The big flaw in the motorway plan

IRELAND badly needs a national motorway system and it looks as if we’re going to get one. In the next five years every major road into Dublin will have been upgraded to motorway standard, many of them the whole way to cities like Belfast, Cork and Galway.

As I say, this is good for the country. But is it good for Dublin?

At the same time as these motorways are completed, we will have a major overhaul of the M50 to replace the dreaded roundabout interchanges with overpasses and underpasses.

You don’t have to be a genius to figure out that all this will greatly increase the amount of cars which will want to get in or near the city centre.

And there’s the great flaw.

Because by 2008 or so you won’t be able to get a credit card in or near the city centre, it will be that congested. It’s pretty much a disaster as it is.

In fact, there’s no way that this city can cope with any more cars heading for the city centre. So we need an alternative and there’s no plan to provide it.

There are two basic alternative approaches – the carrot and the stick. The stick consists of a congestion charge to keep people out. The carrot involves providing public transport at the city perimeter.

Personally, I don’t like the stick. I think that road charging is a form of latter-day feudalism where the city roads are preserved for the rich. Traffic will eventually disappear from the city centre anyway as more road space is given over to pedestrians and public transport, and as work-related parking is phased out.

The carrot is to build major park-and-ride facilities next to the new motorways in order to encourage visitors to make the last leg of their journeys by train.

Two examples on the Northside will demonstrate what’s required.

On the M1, our new Minister for Transport, Martin Cullen should make an immediate decision to extend a rail link from the Dublin-Belfast line to the airport. The route is just 6km of mainly open fields and could be built in a couple of years. It would provide a natural terminus for the Dart and airport access from the north.

Secondly, it would allow a park-and-ride site to be built along the motorway to discourage commuters and visitors from bringing their cars into town.

Regardless of any other plan for access the airport such as Luas or metro, this link should be built anyway. There will be plenty of passengers for everybody. Just do it, Martin.

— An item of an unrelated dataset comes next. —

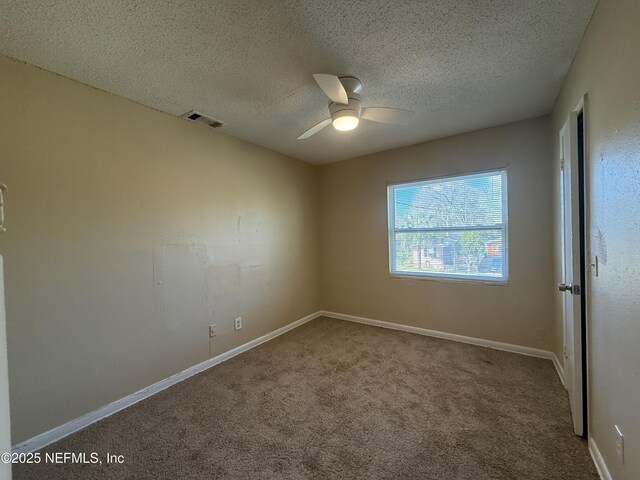 unfurnished room featuring carpet, visible vents, a textured ceiling, and baseboards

Over on the M3, there is a golden opportunity to build a new park-and-ride site between Dunboyne and the new motorway. There is already a old railway route to Dunboyne just 4km from the present Maynooth line (which also forms the first leg of the proposed line to Navan).

These park-and-ride concepts are neither a pipe-dream or a luxury. They are an essential part of dealing with the new motorway system and the present congestion.

In future, nobody should be allowed to build a motorway without building transport facilities for all those cars when they get to Dublin.